● **DATA SEGMENT**
.....

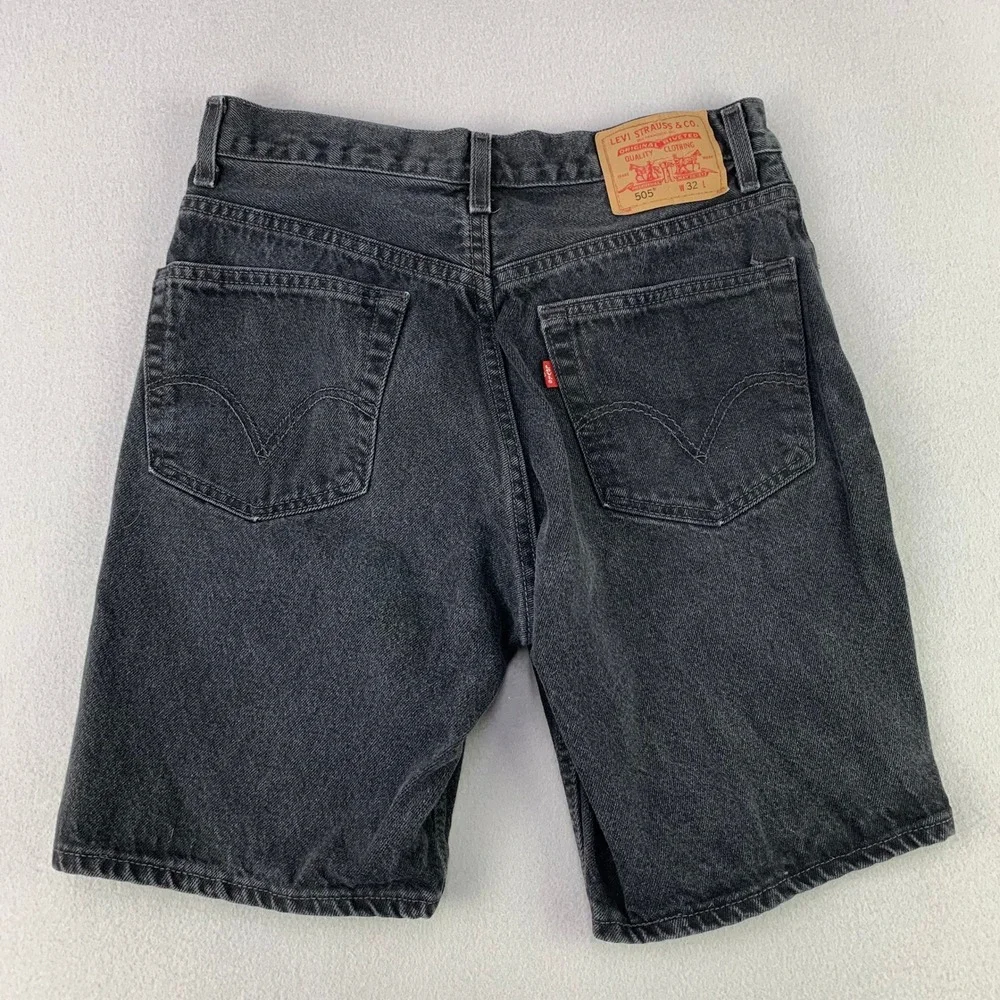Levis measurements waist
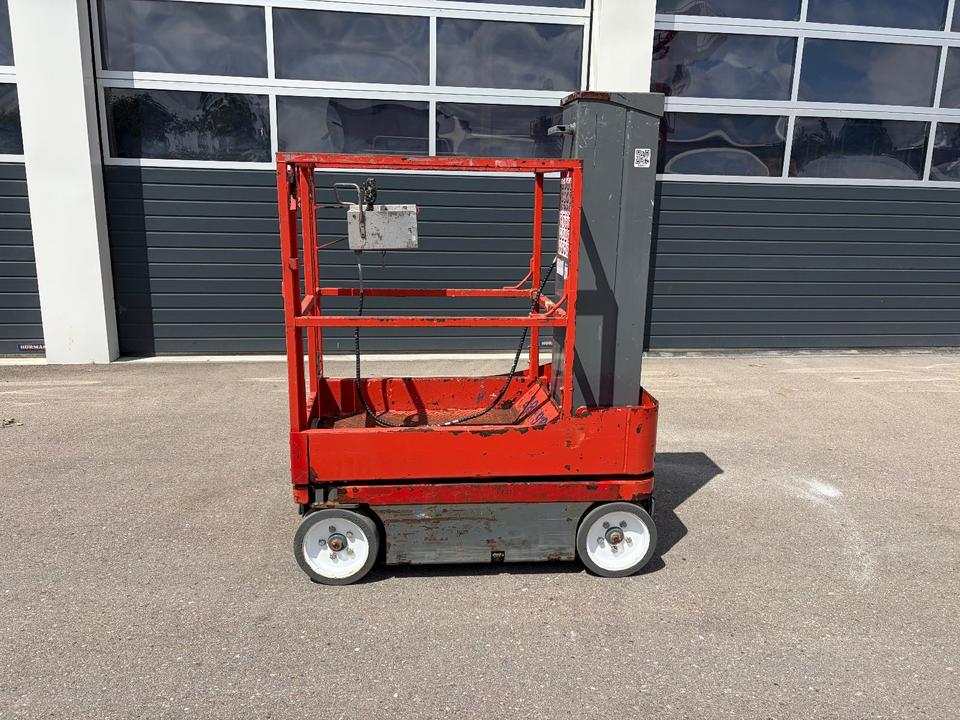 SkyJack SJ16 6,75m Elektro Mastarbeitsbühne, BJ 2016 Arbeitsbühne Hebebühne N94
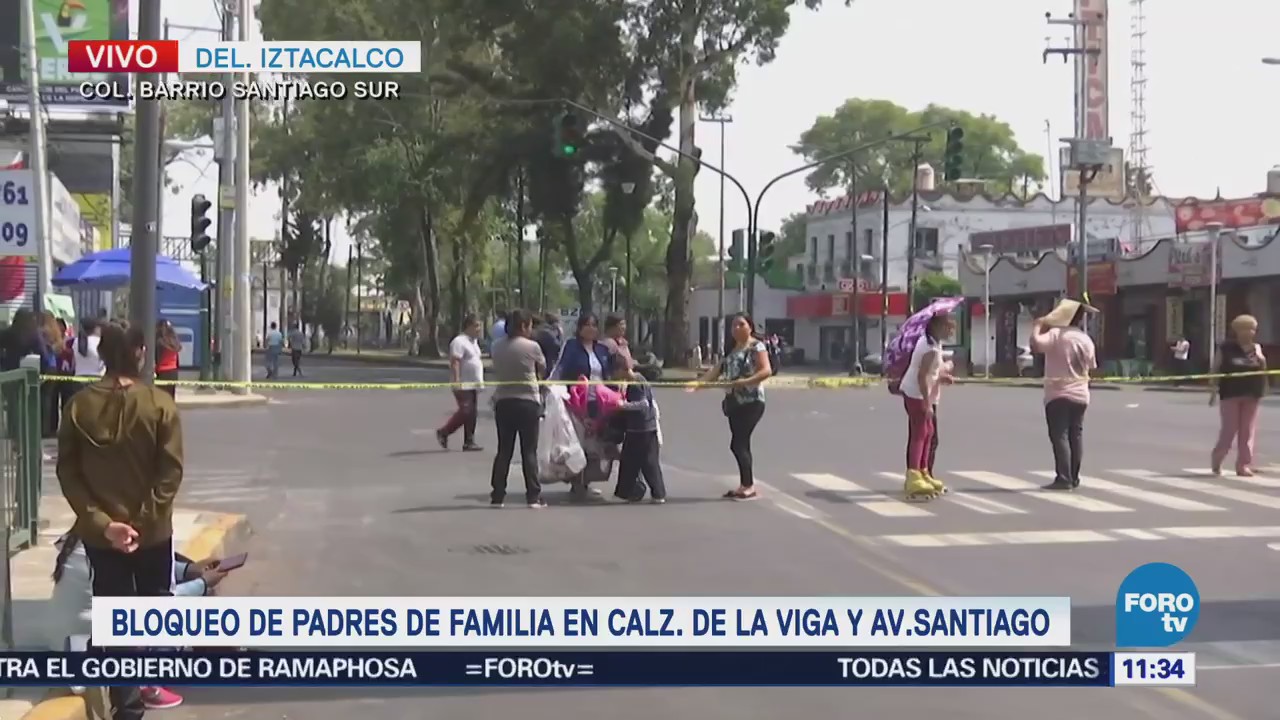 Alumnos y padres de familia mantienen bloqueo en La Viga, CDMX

.....

Each line of the listing is to be retyped exactly, and its pictures are to be dropped.

● **ANSWER SECTION**
Levis measurements waist
 SkyJack SJ16 6,75m Elektro Mastarbeitsbühne, BJ 2016 Arbeitsbühne Hebebühne N94
 Alumnos y padres de familia mantienen bloqueo en La Viga, CDMX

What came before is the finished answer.